Liberal Democrat Spokesperson for Housing, Paul Holmes, questioned the transparency of the Government’s action on HIPs:

‘So much about HIPs remains clouded. When will the Minister release the results of those pilot tests? Why has there been such a delay? Since the legislation came into force, how long has it taken to put the packs together and how does that compare with the four to five days envisaged by the Government? The Minister said that the answer is seven to eight days. The scheme has been running for nine weeks, so for how many of those weeks and on how big a sample is that figure based? How much have the packs cost in reality, and how does that compare with the £400 average predicted by the Government? The Minister suggested that the answer is £300 to £350 on average so far, but on how many weeks and on how big a sample is that based? Given that this legislation has been so controversial, surely she should share this information and research with the House, so that we can reach an informed decision on HIPs and their future.’

 

 

Briefing ctd.

Douglas Carswell (Con, Harwich) spoke about the opposition to HIPs, and mentioned the NAEA:

‘The evidence is so overwhelming that I shall be brief. Home information packs are a monument to incompetent government. The Royal Institution of Chartered Surveyors, the National Association of Estate Agents, the Council of Mortgage Lenders, and even the Government’s own Better Regulation Commission have been critical of HIPs. Even the Consumers Association, which was originally a supporter of the packs, said that
“the new ‘half-HIP’”—
which lacks a home condition report—
“will be a useless but a very expensive waste of time”.

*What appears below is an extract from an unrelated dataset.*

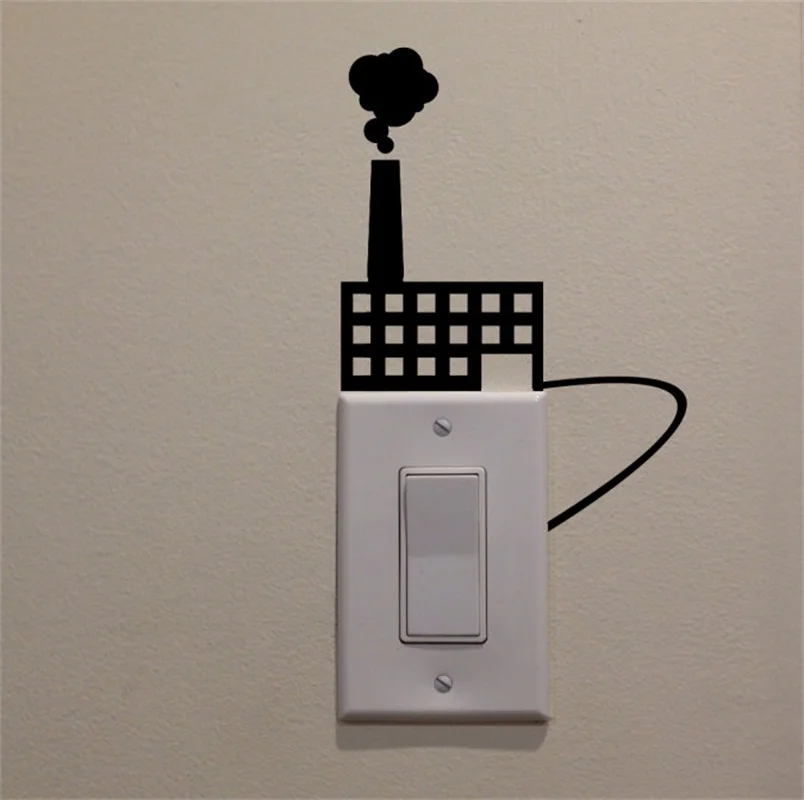 YINGKAI Factory with Smokestack Powered Through Light Switch Vinyl Wall Decal Sticker for Kids Room Living Home Decoration | Дом и сад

In evidence to the House of Lords, the National Association of Estate Agents stated:

“There are many other ways of improving the home buying process but HIPs will not achieve this. . . HIPs will actually have an adverse effect on the market. Our independent research indicates that a significant number of potential sellers will think twice before marketing their property if they have to consider paying for a HIP . . . The net result would be a reduction in supply”.

 The House voted on Mr Shapps’ motion, which fell by 166 to 363.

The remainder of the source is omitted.